いっぽう、平等を重んじれば、専制君主のように独断で国民の主張を許さないで、国民をロボットのように一律にしたがるし、どちもどっちだ。

批評家だった頃のくせが出て、M.はつい口に出てしまう。


 また昨今の世界を見渡せば、
ヨーロッパの封建制度を経験しないで一足飛びに資本主義に突入した無邪気なアメリカ、また昔の封建制度の専制君主に戻ったような中国、お互いに経験不足な青少年と老人みたいな感じで、世界の世間知らずと聞く耳持たないガンコ親父。

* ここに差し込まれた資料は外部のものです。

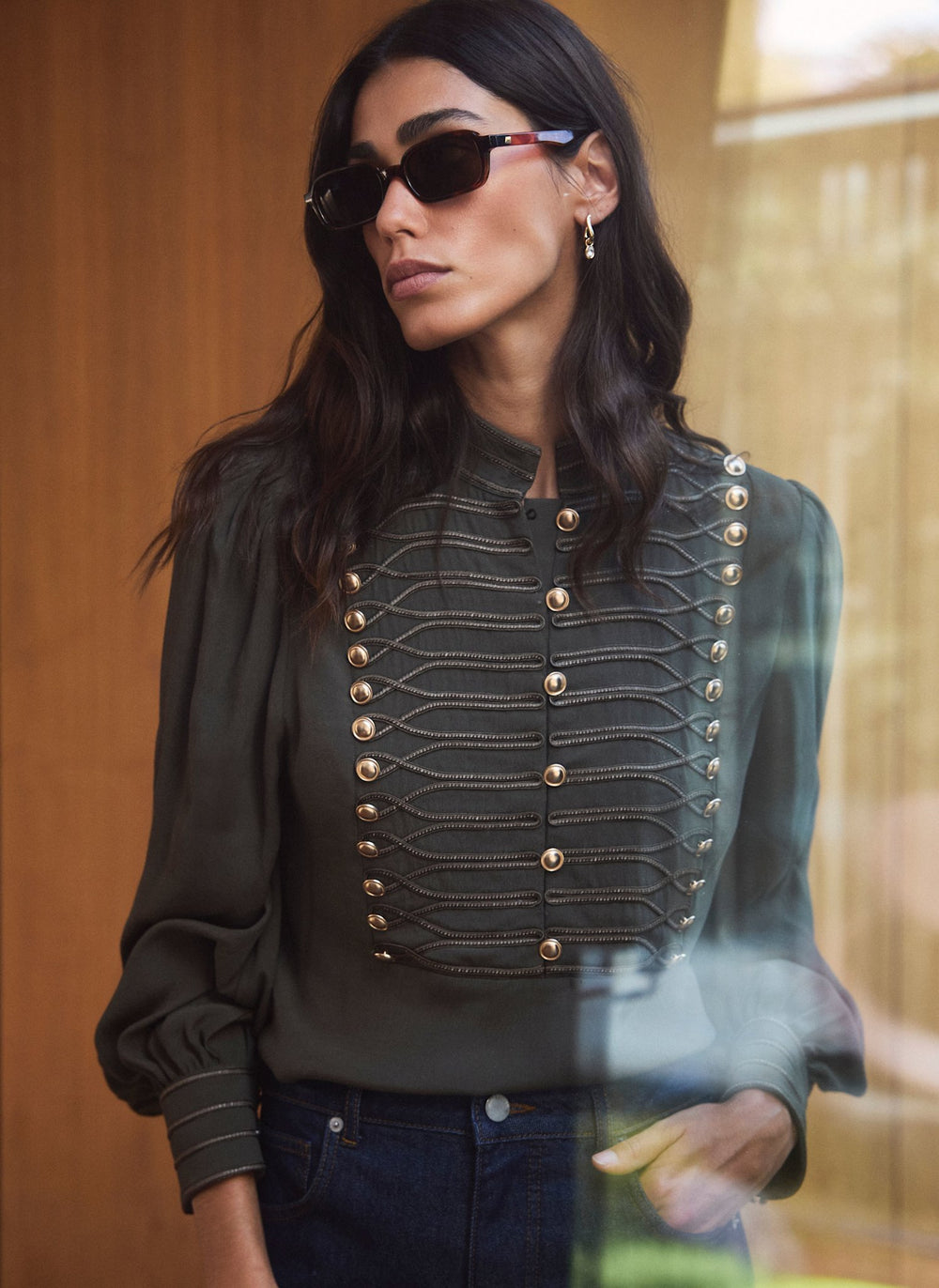Khaki Military Trim Stand Collar Blouse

いっけん、われわれの国の日本は、どちらにも属さないで思想も意見も何もない、その場かぎりのチャランポランな国家のようです。
じっさいニュースでお目にかかる、政治家のみなさんと支持するわれわれのみなさん、調子が良くて忘れっぽい、でもたくましく生きています。

でもわれわれ日本人は、アメリカや中国みたいに単細胞ではありません。

いくら優れた預言者や偉人が唱えた言葉であっても、ハメルーンの笛吹きみたいに一つの主義主張に従うほど、子供でなく柔でもありませんでした。
封建制度をいいも悪くも経験して、自由な国家の限界も知っています。

江戸時代もいまからすれば封建制度、
でも水戸黄門や暴れん坊将軍を、独裁者のレッテルに貼るなんてどうかな。
それに植民地時代のコルテスやピサロ、クライヴ、それにアメリカ西部開拓時代のアメリカ人たちを、人が思うほどヒーローには見えないんだけど、ぼくの気のせいかな。


 だからわが国では
宗教でも和をもって尊しで、棲み分けがちゃんとできていました。
神聖なもの、祈願するときは、神社におもむき、
安らかな眠りにつく墓前では、仏に祈り、
恋人や家庭で楽しむクリスマス。

けっして知識人が嫌う、いい加減な雑種的な宗教感ではなかっただろう、日本国民は何も考えていないようでじつはよく考えているんだよ。
庶民は、インテリのように頭でっかちじゃない、ほんと現実的なんだ。

まず初めに自分たちが、精神的にも物理的にも気持ちよく生活ができるのが先にあって、いくらすばらしい考え方や主義があっても、殿様が命令しても、体に染み込んでこない、建前上、聞いたふりをしているけど、いままでの実体験を尊重しているんだ。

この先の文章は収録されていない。